(Brief descriptive captions)
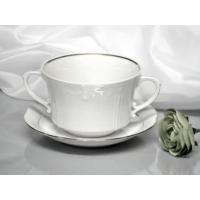 Bulionówka 400 ml ze spodkiem dek: 074 Platynowa Linia KAMELIA 12/24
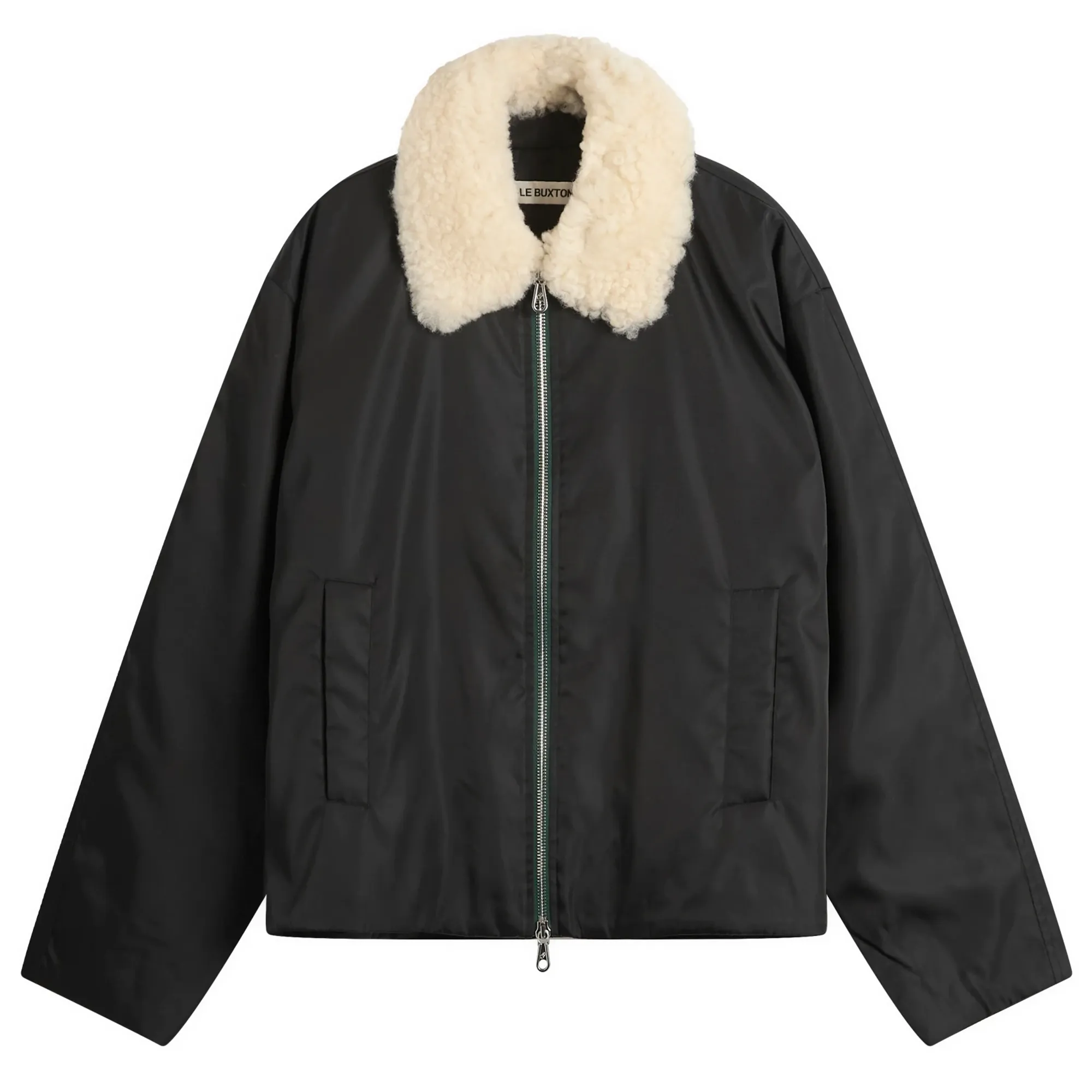 Cole Buxton Men's High Pile Collar Cargo Jacket Black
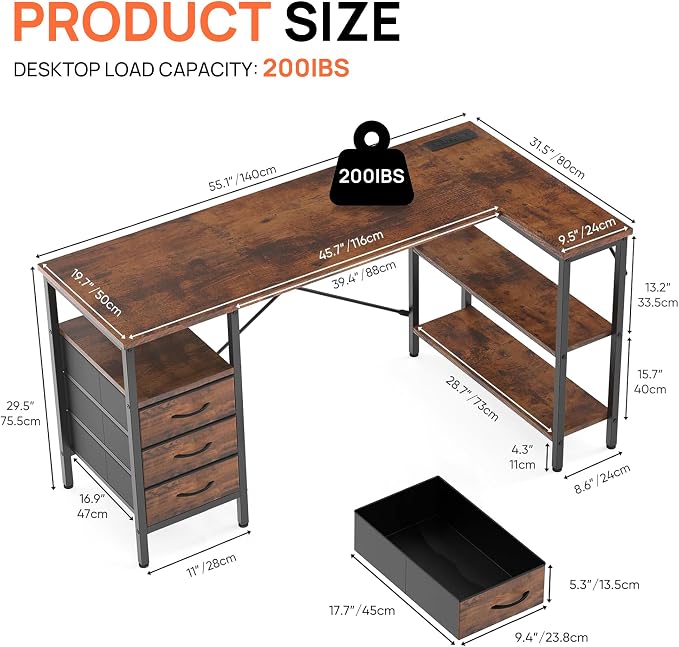 Alpen L Shaped Computer Desk, 55 Inch Corner Desk with Drawers and Power Outlets, Home Office Desk for Gaming, Study Writing PC Table with Storage and Reversible Shelf, Brown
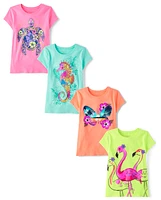 Girls Animal Graphic Tee 4-Pack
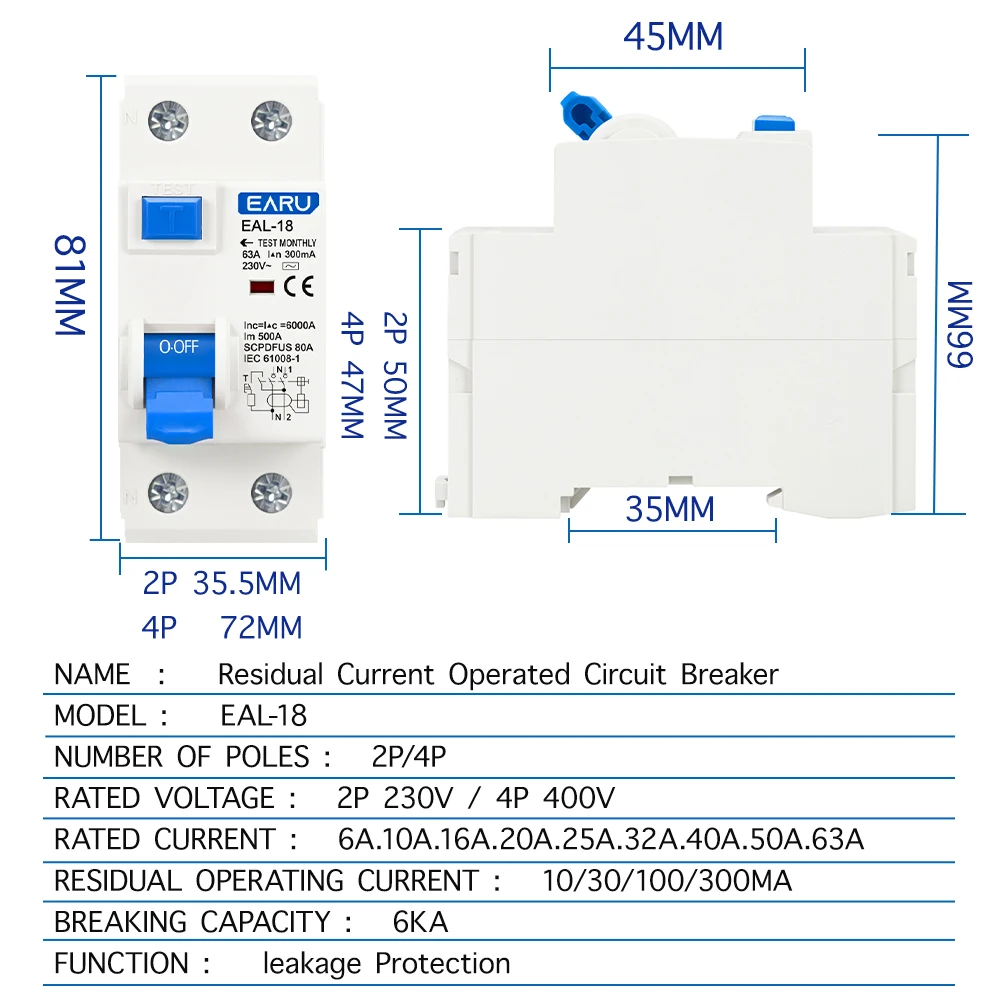 2P 4P 10/30/100/300mA Type AC RCCB RCD ELCB Electromagnetic Residual Current Cir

→ **TASK DESCRIPTION**
Copy the records above exactly, omitting every picture.

→ **YOUR RESPONSE**
 Bulionówka 400 ml ze spodkiem dek: 074 Platynowa Linia KAMELIA 12/24
 Cole Buxton Men's High Pile Collar Cargo Jacket Black
 Alpen L Shaped Computer Desk, 55 Inch Corner Desk with Drawers and Power Outlets, Home Office Desk for Gaming, Study Writing PC Table with Storage and Reversible Shelf, Brown
 Girls Animal Graphic Tee 4-Pack
 2P 4P 10/30/100/300mA Type AC RCCB RCD ELCB Electromagnetic Residual Current Cir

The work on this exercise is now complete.